In a remarkable show of restraint, Hawkeye actually obeyed us when we requested that he first tidy up his toys from the previous night before we sat down to the unwrapping frenzy. The Mister managed to snag a coffee and toast during this time, while I cursed a blue streak at the cat’s “present” and informed Mr. Darcy that he was on the naughty list. We were short of coal, however, so I retaliated by wrapping up his breakfast kibble in wrapping paper and making him work for it. The cat, bless him, is dumb as a fence post, and eventually I had to help him along by tearing a small hole in the paper, at which point he proceeded to try and lick the parcel open, pushing it across the floor with his nose because he hasn’t figured out that a paw would help him get better leverage. Merry effing Christmas, cat. Next time, try to not vomit on The Mister’s backpack, ok?
Then the human fun began. For having such a small, intimate Christmas of three, the amount of gifts under the tree was fairly enormous. This was of course helped along by the fact that some family sent or organised gifts for Hawkeye from abroad and friends with whom we had exchanged gifts beforehand. J sent me chocolates from Vienna which she sadistically wrapped individually inside her package and I decided to add to the pile under the tree. She never fails to indulge my love for all forms of Manner chocolate and Rum Kokos, and several samples even made it onto the Christmas tree, with the alcoholic ones near the top to avoid small curious fingers. A few even made it straight into my mouth when Hawkeye wasn’t looking.
He was far too busy anyway tearing into his presents. Despite my annual intentions not to overwhelm him with gifts, we always end up with a good number of them. Partially its our own desire to spoil him and partially it’s the inevitability of friends and family contributing to the present stack. This is the first year we even let him open all of his presents in one go, and even the, a few have remained unassembled to allow him time to enjoy playing with each new acquisition. The morning was a non-stop torrent of chatter about Paw Patrol and PJ Masks, transfomer Dinosaurs, “little” Lego (ie not Duplo), Bumblebee, and an ever increasing pile of chocolate. One of our luckier escapes was not having any AA batteries in the house, which has given us at least a day’s reprieve from discovering just how much noise the transforming dinosaur makes. Hawkeye made more than enough noise to compensate, sitting on the floor at one point singing “Bumblebee! Bumblebee! Bumble! Bumble! Bumblebee!”

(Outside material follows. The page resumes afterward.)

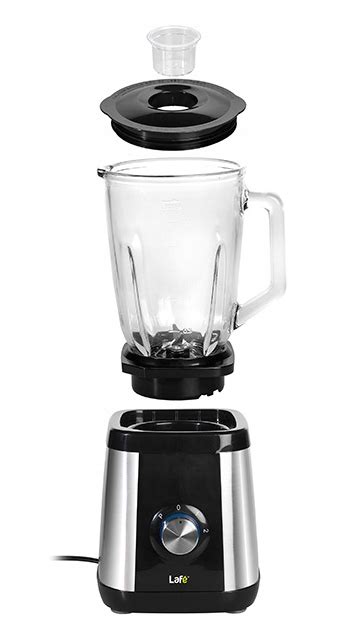 Blender Kielichowy Lafe BCP003 W Max Kuchnie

But I know that all of this is kind of extraneous, as Hawkeye so ably demonstrated while unwrapping one of he earliest gifts. One of his godparents, Mr. Kinch, has continued an annual tradition of expanding our holiday decorations with old school metal cast ornaments. This year, a snowman has joined our collection of angels, Santa, and Christmas stockings. However, before The snowman emerged from his protective packaging, Hawkeye pulled off the decorative wrapping paper, looked at the small white bundle in The Mister’s hand, and reverently whispered…
“Ooooooh….. a tissue!”
There was a short pause before The Mister redirected his attention to what was in the tissue, and once fully unwrapped Hawkeye wasted no time in adding the snowman to our tree. I texted a thank you to Mr. Kinch. “If I’d known he liked tissues,” Mr. Kinch replied, “I’d have gotten him a second one.”
And that was pretty much the most productive part of the day. I mustered up enough energy to throw on some laundry, but the rest of the day was spent playing with Hawkeye and I finished the evening with indulging guilt-free in one of my own gifts, a 1000 piece jigsaw puzzle, which I find to be a completely addictive and mesmerising hobby. Pre parenthood I might have stayed up late into the night to finish it but alas we are now burdened with an adorable alarm clock that just can’t be snoozed and I know that sooner rather than later I’ll be hearing “mommy, I’m thirsty” all over again.
Merry Christmas to all, and to all a good night.